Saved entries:

====================

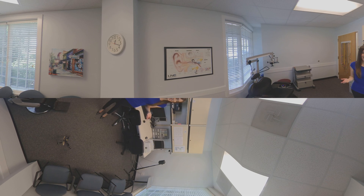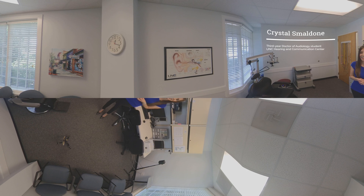We're at the UNC Hearing and Communication Center. This is an adult hearing aid clinic that is used by UNC students in the AUD program and run by faculty who are a part of the program as well.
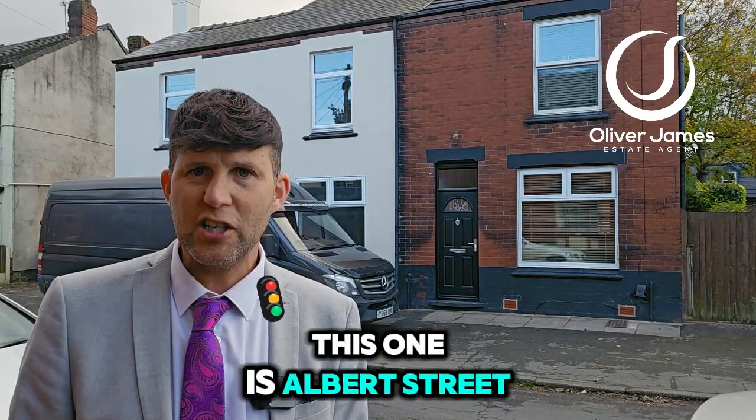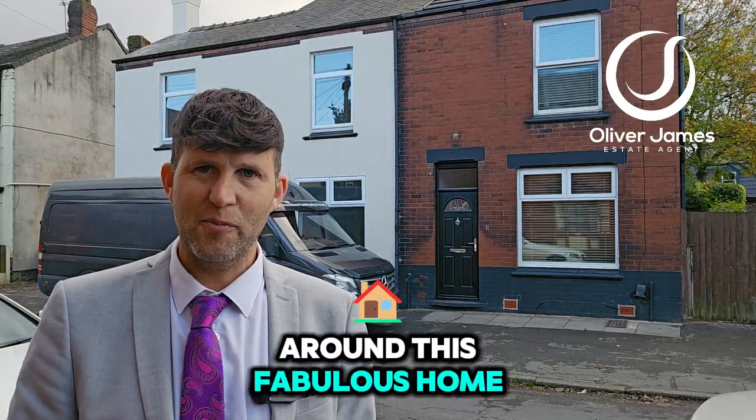This one is Albert Street. Come and join me and I'll show you around this fabulous home in Cadizhead.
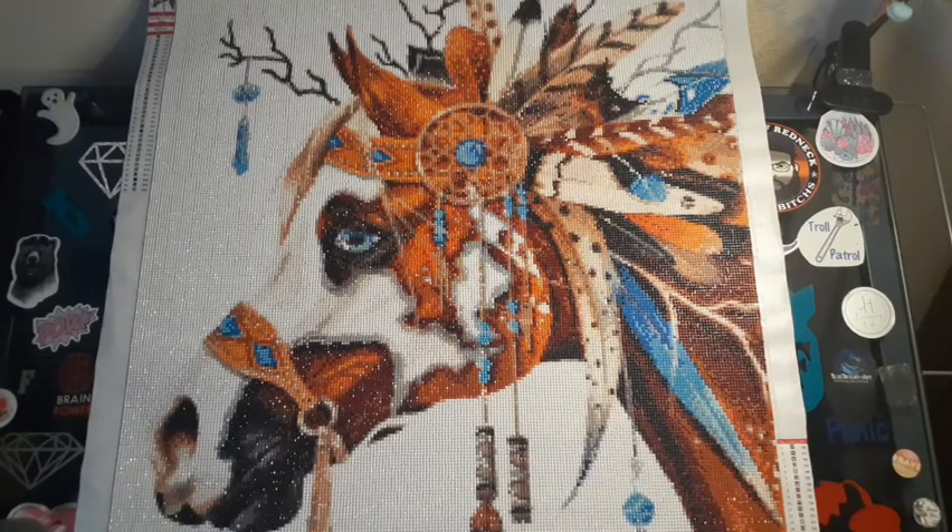I am an affiliate to Treasure Studios Art. You can save yourself 15% off if you use my code, Jeremy15. On anything over $40 you save 15% off — you cannot beat that.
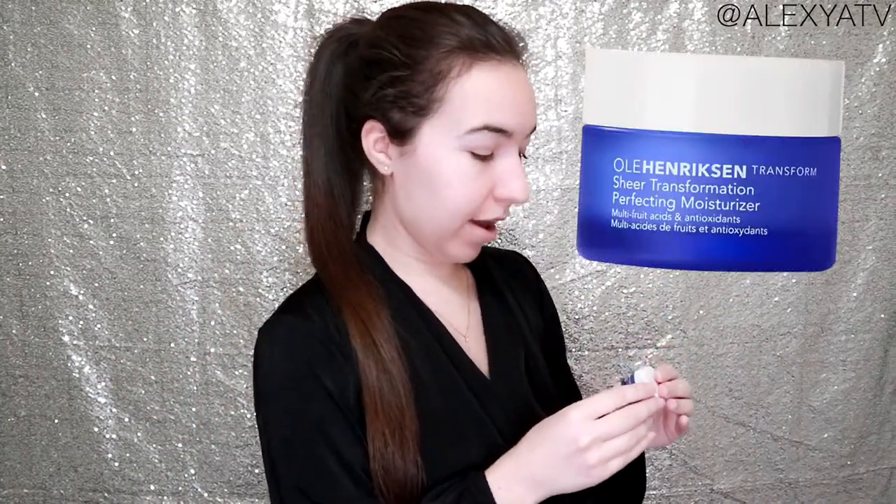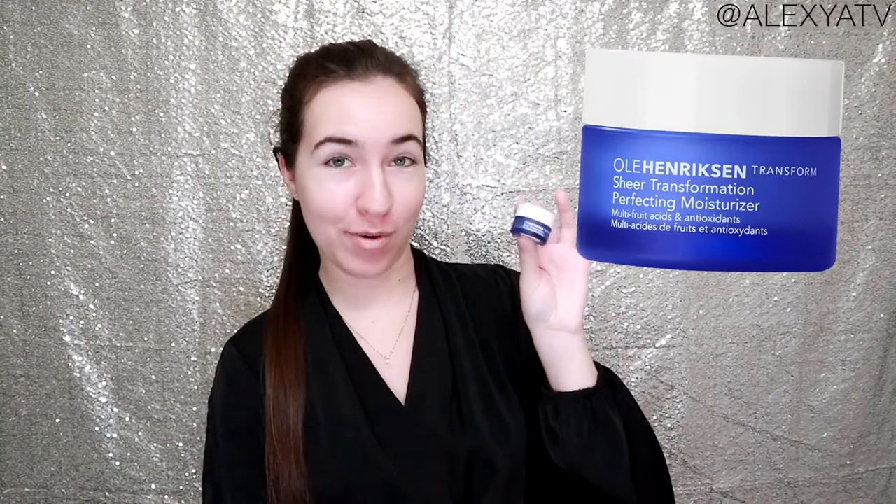Bonjour tout le monde, welcome back to my channel you guys! I hope you're all doing super well. So like you have seen by the title, today we're going to be talking about the famous and very very popular Ole Henriksen Sheer Transformation Perfecting Moisturizer.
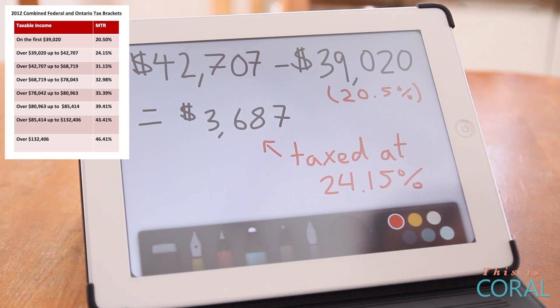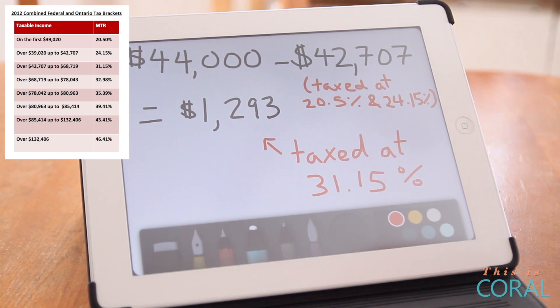We are going up to the next tax bracket, and this is what people live in fear of all the time. But you'll see that $44,000 minus $42,707 means that only $1,293 of this person's gross income is actually being taxed at 31.15%, not the whole $44,000. Only the small upper portion of your income is actually taxed at that next tax bracket. So you don't have to worry that if you're getting a raise, your whole income is going to be taxed higher — it's just the part that puts you over.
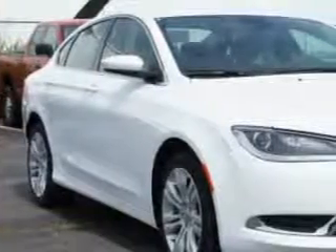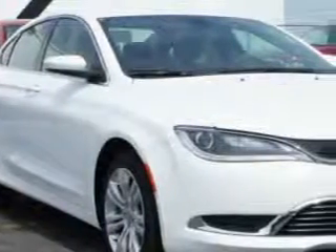Check out this bright white clear coat 2015 Chrysler 200, equipped with a 4-cylinder engine and an automatic transmission.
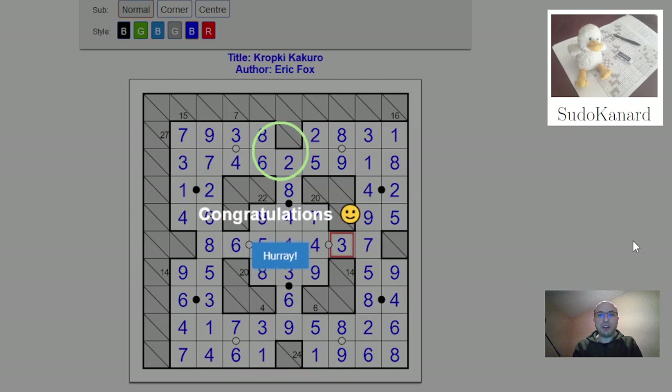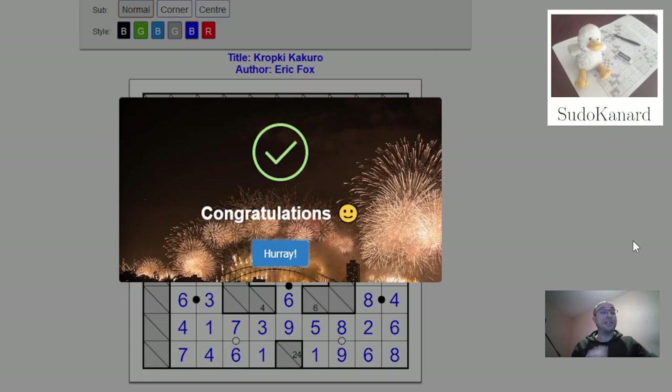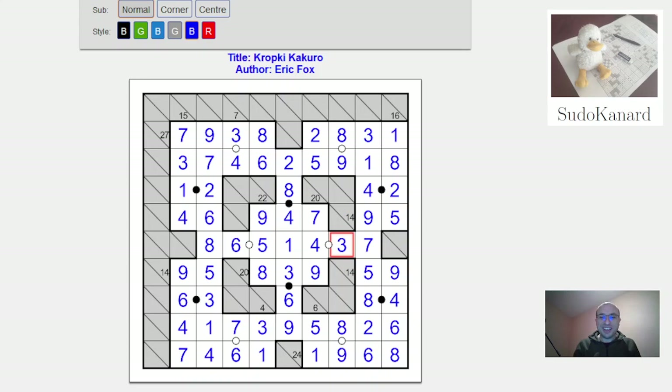Yes — sorry about all the mistakes, that is typical. This is how I waste my chances in contests. I hope you don't mind. Excellent, outstanding, incredible puzzle by Eric Fox. This is really amazing — really typical Eric brilliance, in terms of logic and overall appearance. This is absolutely magnificent. Thanks for watching this video and see you soon on Sudokanal.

====================

→ **Work order**
Your reply should give again exactly the lines from the one with "We are going" through the last line of the data, with both ends included and pictures left out.

→ **Final answer**
We are going up to the next tax bracket, and this is what people live in fear of all the time. But you'll see that $44,000 minus $42,707 means that only $1,293 of this person's gross income is actually being taxed at 31.15%, not the whole $44,000. Only the small upper portion of your income is actually taxed at that next tax bracket. So you don't have to worry that if you're getting a raise, your whole income is going to be taxed higher — it's just the part that puts you over.
Check out this bright white clear coat 2015 Chrysler 200, equipped with a 4-cylinder engine and an automatic transmission.
Yes — sorry about all the mistakes, that is typical. This is how I waste my chances in contests. I hope you don't mind. Excellent, outstanding, incredible puzzle by Eric Fox. This is really amazing — really typical Eric brilliance, in terms of logic and overall appearance. This is absolutely magnificent. Thanks for watching this video and see you soon on Sudokanal.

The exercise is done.